Mr Paget has been invited to Zurich to meet the community of 120 social entrepreneurship winners, who will meet before the World Economic forum at Davos next week. Among the other finalists were Eric Samuel, a lay preacher and founder of the Community Food Enterprise, which provides fruit and vegetables to economically deprived areas in east London, and Amit Chugh and Matthew Scott, of Cosmos-Ignite Innovations, which addresses the challenges of kerosene replacement through a for-profit, sustainable social venture. Its mission is to provide a cheaper alternative for the 1.6 billion people without electricity who are dependent on kerosene.

Tim Smit, of Cornwall's Eden Project, was the best known of the finalists. The Eden Project showcases more than a million plants in its futuristic biomes and all money raised from the educational charity goes towards work on education, research and conservation.

Jonathan Robinson, of The Hub, a members club for social innovators which aims to provide a space for members to come up with ideas that will change society, and Harry MacMillan, Paul Sacher & Ulla Stauch, of MEND Central, which is tackling the UK's growing obesity epidemic, were also in the final.
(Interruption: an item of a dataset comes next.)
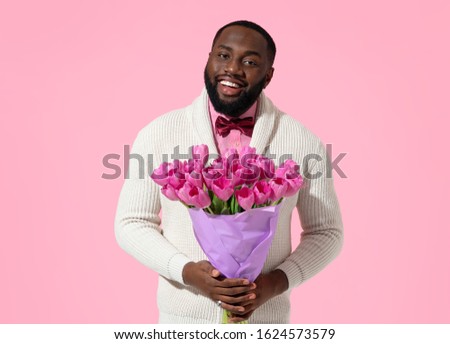 Handsome man holds bouquet of spring flowers. Photo of african american man expresses love to someone, romantic feelings on pink background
Alastair Flanagan, a panel member and senior partner at BCG, said: "These social entrepreneurs are all extraordinary people. They show tremendous passion and commitment to their ventures and the social change they are driving."

The Schwab Foundation for Social Entrepreneurship was started by Klaus Schwab, founder of the World Economic Forum, and his wife, Hilde. Since its inception in 2000, the foundation has been searching for the world's leading social entrepreneurs, those who implement innovative and pragmatic solutions to social problems by tackling the root causes and thereby creating a social transformation.